WORK REQUIRED: The lines to copy run from the one containing "Destké samolepky - 3D" to the last line of the entries; output those lines exactly and only them, without pictures.

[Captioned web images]
:::
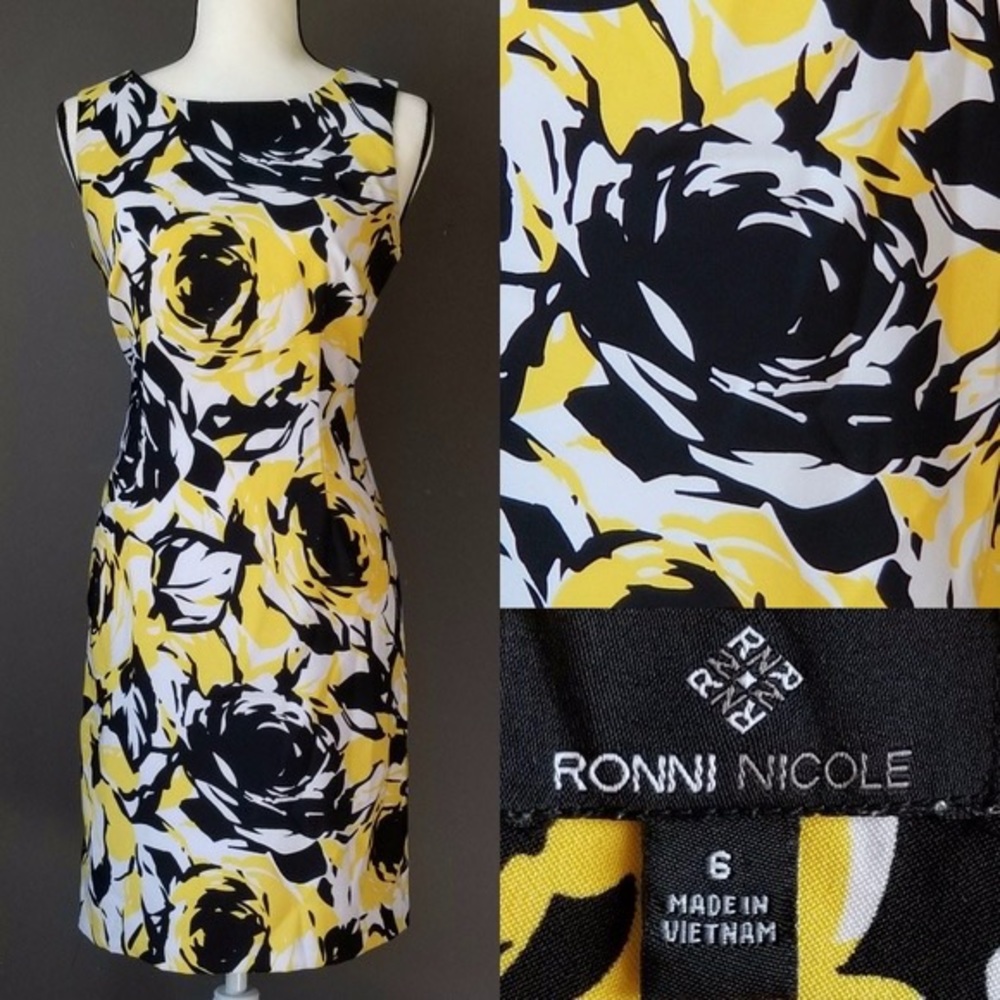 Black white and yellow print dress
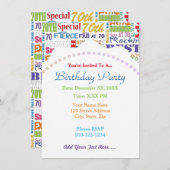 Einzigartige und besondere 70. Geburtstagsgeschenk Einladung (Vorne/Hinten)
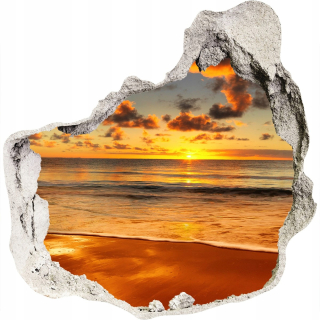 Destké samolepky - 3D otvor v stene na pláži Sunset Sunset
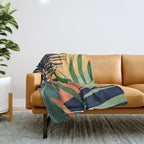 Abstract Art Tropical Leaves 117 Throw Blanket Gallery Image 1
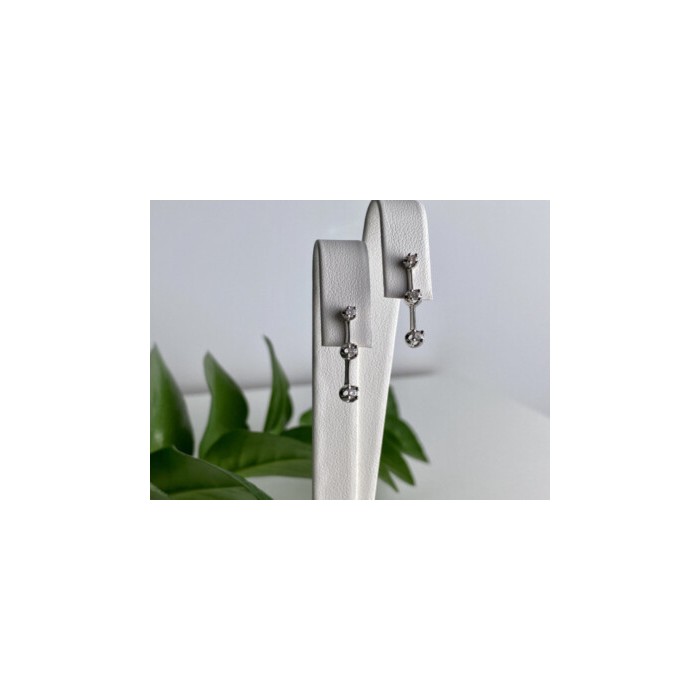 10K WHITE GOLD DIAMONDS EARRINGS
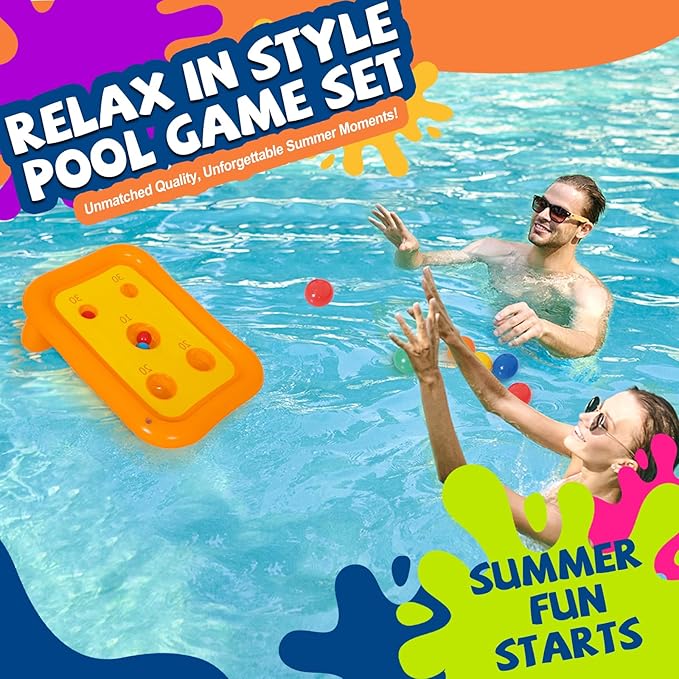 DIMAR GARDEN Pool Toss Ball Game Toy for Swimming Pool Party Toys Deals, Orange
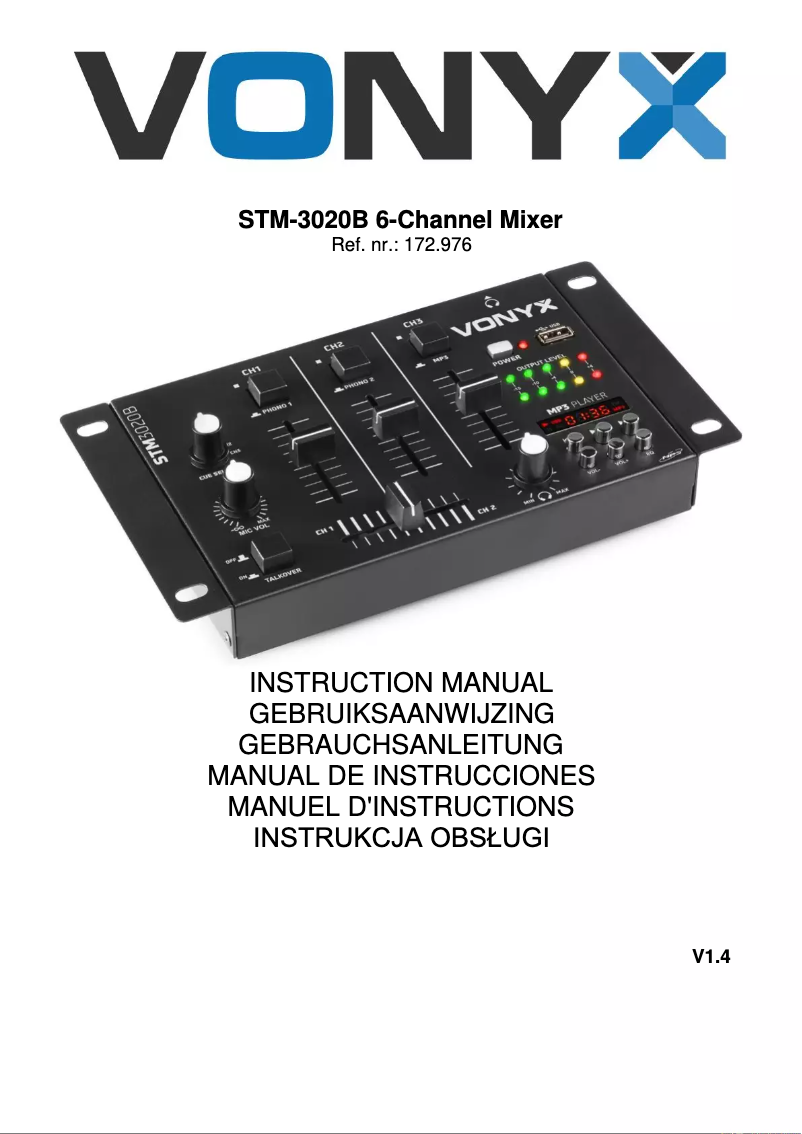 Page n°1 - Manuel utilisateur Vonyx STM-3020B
:::
WRITTEN SOLUTION:
 Destké samolepky - 3D otvor v stene na pláži Sunset Sunset
 Abstract Art Tropical Leaves 117 Throw Blanket Gallery Image 1
 10K WHITE GOLD DIAMONDS EARRINGS
 DIMAR GARDEN Pool Toss Ball Game Toy for Swimming Pool Party Toys Deals, Orange
 Page n°1 - Manuel utilisateur Vonyx STM-3020B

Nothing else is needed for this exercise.